Vaticinan los augures del clima que esta primavera va a ser más cálida de lo habitual, siguiendo la tendencia ascendente que las temperaturas mantienen de un tiempo a esta parte en Galicia. Grado a grado, los airiños, airiños, aires de Rosalía se van acercando al bochornoso ambiente del Sahara.

Años atrás solíamos cargar la culpa de estas anomalías a la corriente de "El Niño" y ahora al calentamiento global; pero no hay que engañarse. La verdadera razón conviene buscarla en la falta de autonomía meteorológica que padece este reino.

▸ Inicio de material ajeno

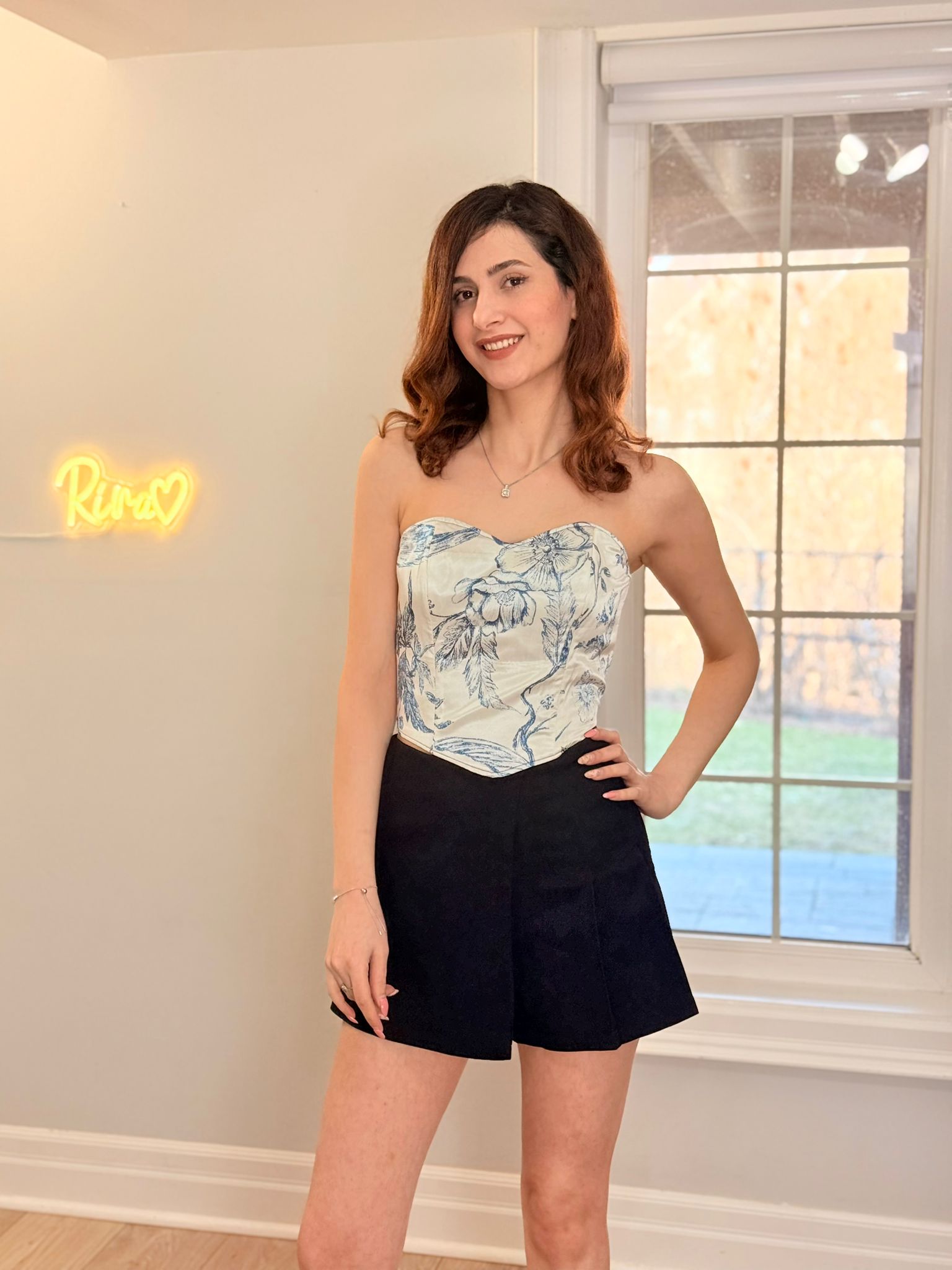 Blue floral satin corset top with delicate pattern and structured boning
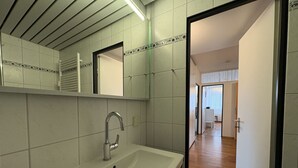 A bathroom with a sink, mirror, and tiled walls. - Berolina 110 - Ostseemuschel - The "Ostseemuschel" ... a rarity with 2 (Dahme)
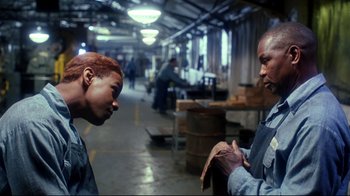 Movie still from “Malcolm X” (1992), directed by Spike Lee – Two men talking in an industrial setting; Medium shot, Over the shoulder angle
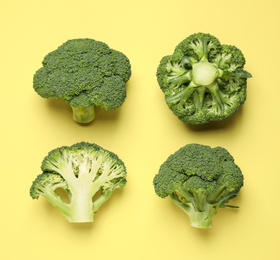 Photo of Fresh tasty broccoli on yellow background, flat lay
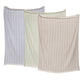 Three striped throws from the John Robshaw Lavanya Throw Collection, in pastel blue, green, and pink, are crafted from yarn-dyed cotton with a subtle herringbone weave and fringe, displayed side by side against a white background.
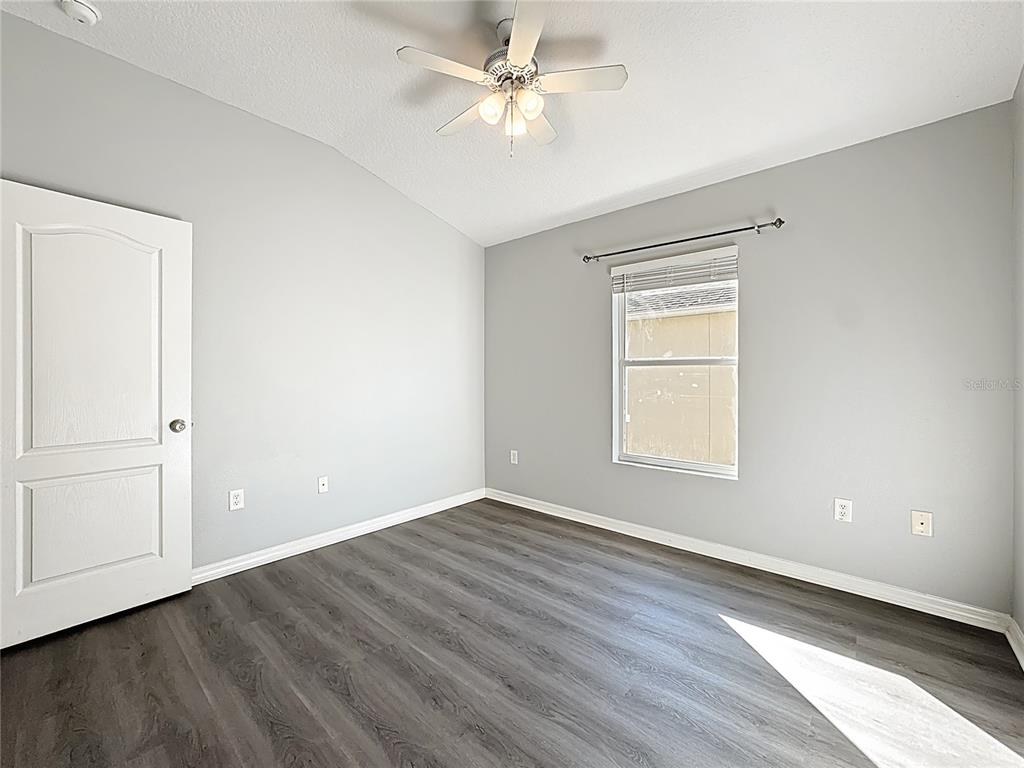 1500 Broken Oak Drive, Unit 25B Winter Garden, FL 34787 - Photo 39 of 62 an empty room with wooden floor closet and windows
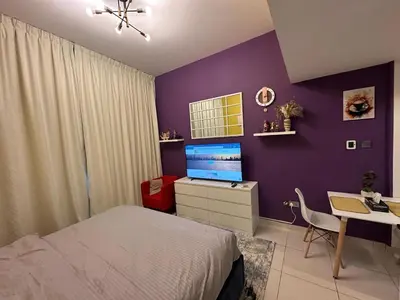 a bedroom with a purple wall with a bed and a desk at Livincci - Luxury Studio in Dubai Marina - 16 in Dubai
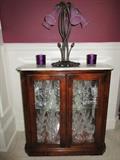 Antique marble top w/glass front and sides, mirrored and display shelf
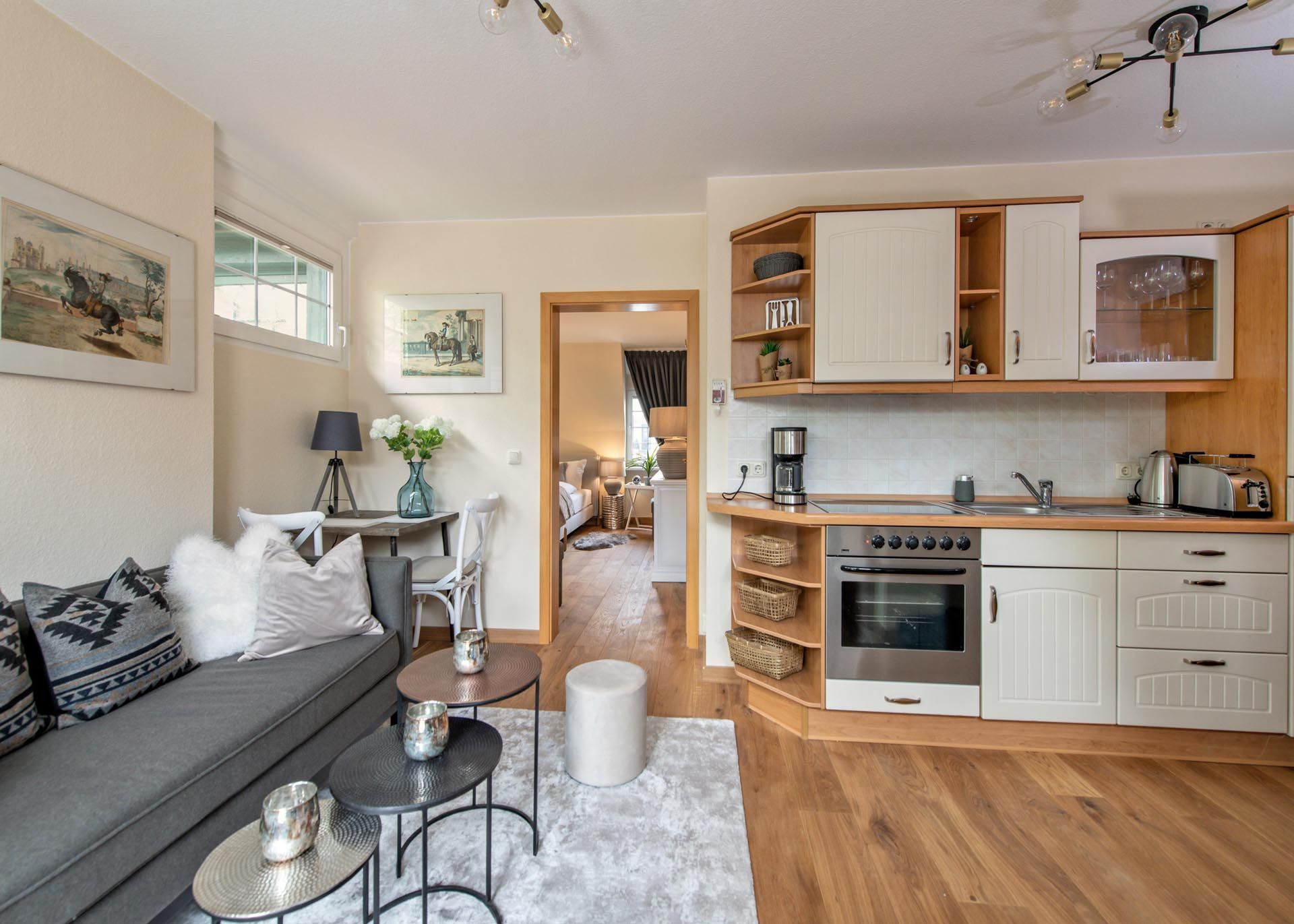 Ein Wohnzimmer mit Couch, Tischen und Küche.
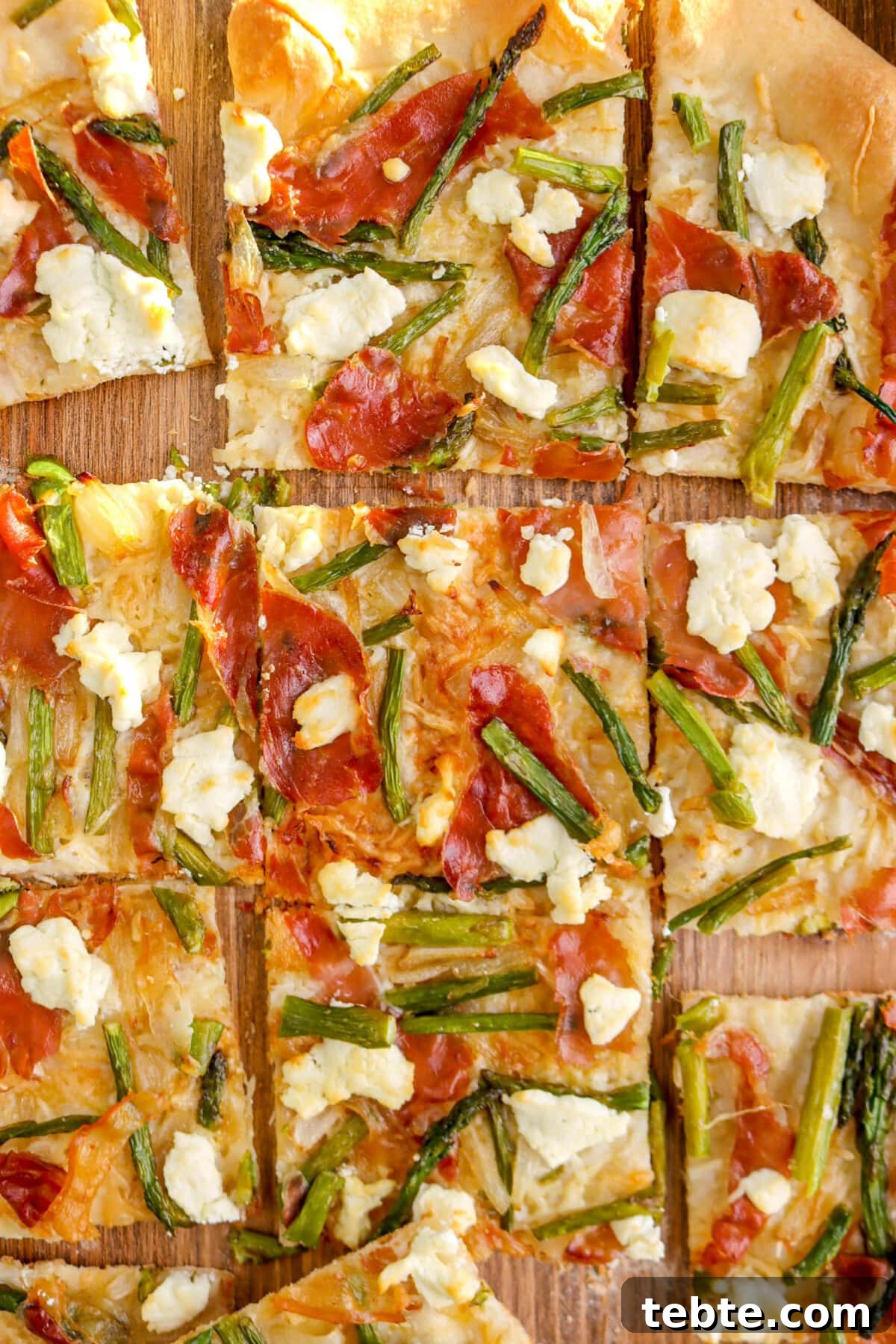 Asparagus, Caramelized Onion & Prosciutto Flatbread with Goat Cheese 3 close up of sliced asparagus and prosciutto flatbread on wood board.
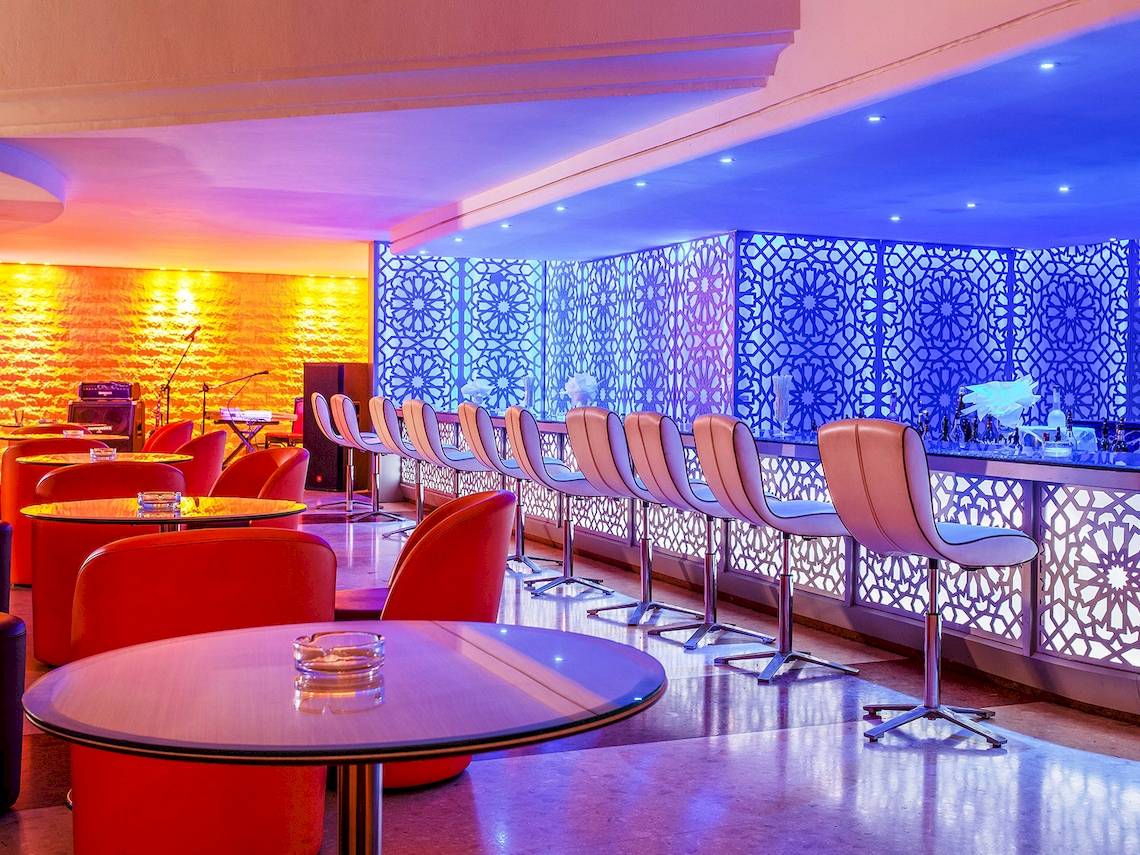 Barbereich des Atlas Amadil Beach Hotels mit roten Stühlen und blauer Beleuchtung.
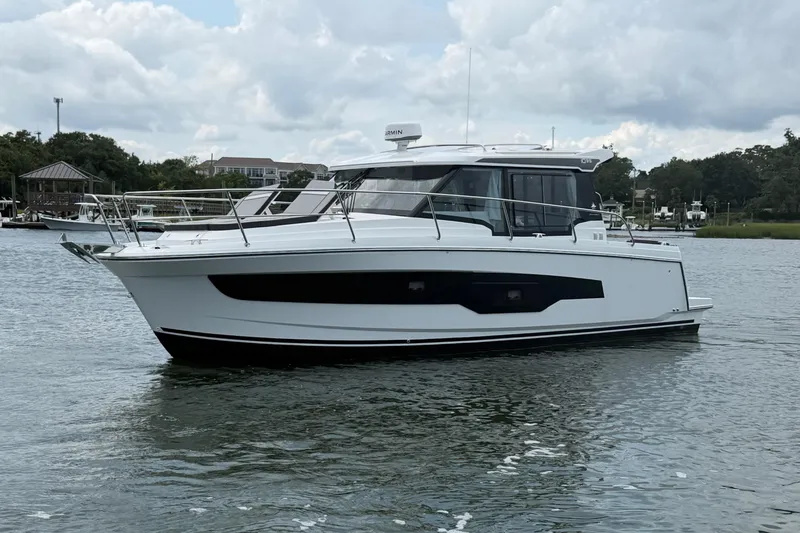 Slide: The Image of 2026 Jeanneau NC 1095 Coupe boat on calm water, cloudy sky background. - 50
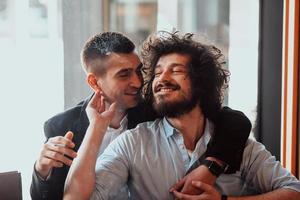 Diverse friends gay couple hugging. Stylish cool generation z men dating in love enjoy romantic relationships photo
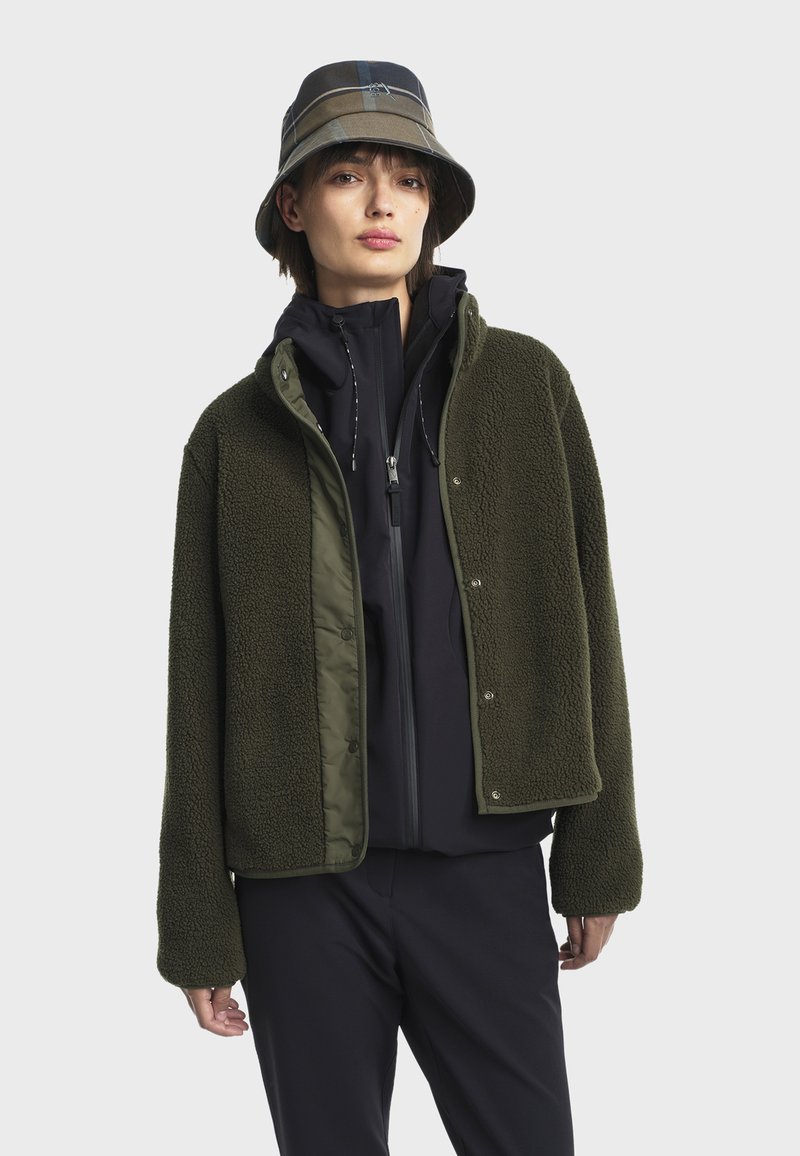 Osoba v zelené fleecové bundě přes černé zipové mikině a s kostkovaným kloboukem, stojící na pozadí v jednobarevném světlém prostředí.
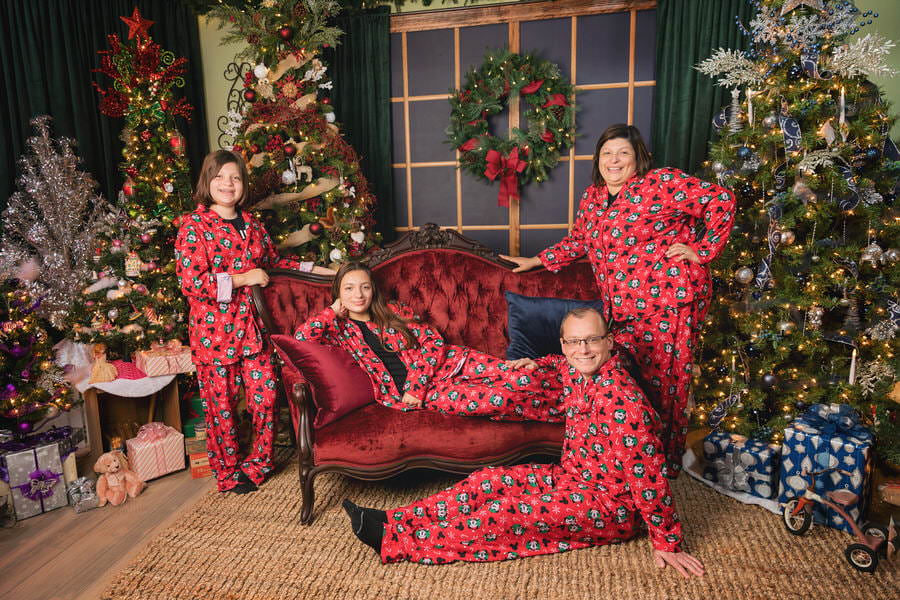 Mom and Dad with 2 teen daughters pose in matching Mickey Mouse pajamas in front of a Christmas scene at The Flash Lady Photography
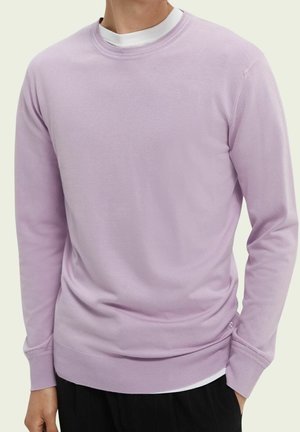 Mężczyzna w jasnofioletowym swetrze z okrągłym dekoltem na białej koszuli, w czarnych spodniach, na jednolitym jasnym tle.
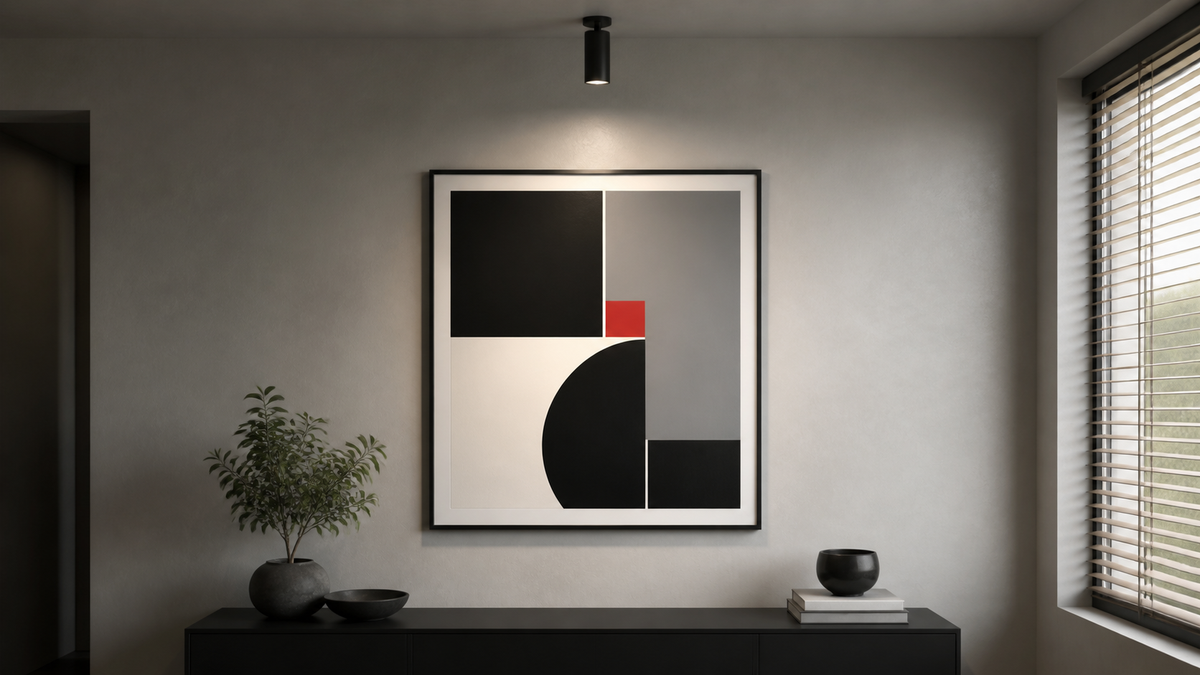 Black white and red abstract wall art lit by a directional spotlight beside shaded windows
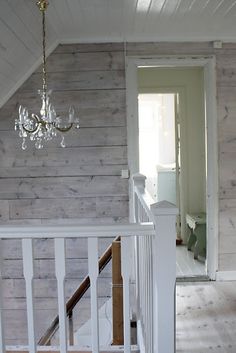 an empty room with white walls and wood flooring, chandelier hanging from the ceiling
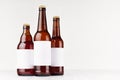 Brown beer bottles collection different type with blank white label on white wooden board, mock up.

Esto nos pasa por carecer de instituciones atmosféricas propias, como en buena lógica debiera corresponder a nuestra jerarquía de reino histórico, autónomo, nacional y piramidal. Muy menguada ha de ser la autonomía de Galicia cuando ni siquiera puede ejercer el gobierno sobre un ramo tan específicamente suyo como el del clima y se ve obligada a conformarse con los lluviosos partes emitidos desde Madrid.

Don Manuel I, que era un fenómeno meteorológico en sí mismo -el famoso "ciclón de Vilalba"-, trató de poner remedio en su día a tan enojosa situación. Para ello planeó un Centro de Meteorología autóctona destinado a poner orden en las nubes y extender a los dominios celestes las competencias del Reino de Breogán.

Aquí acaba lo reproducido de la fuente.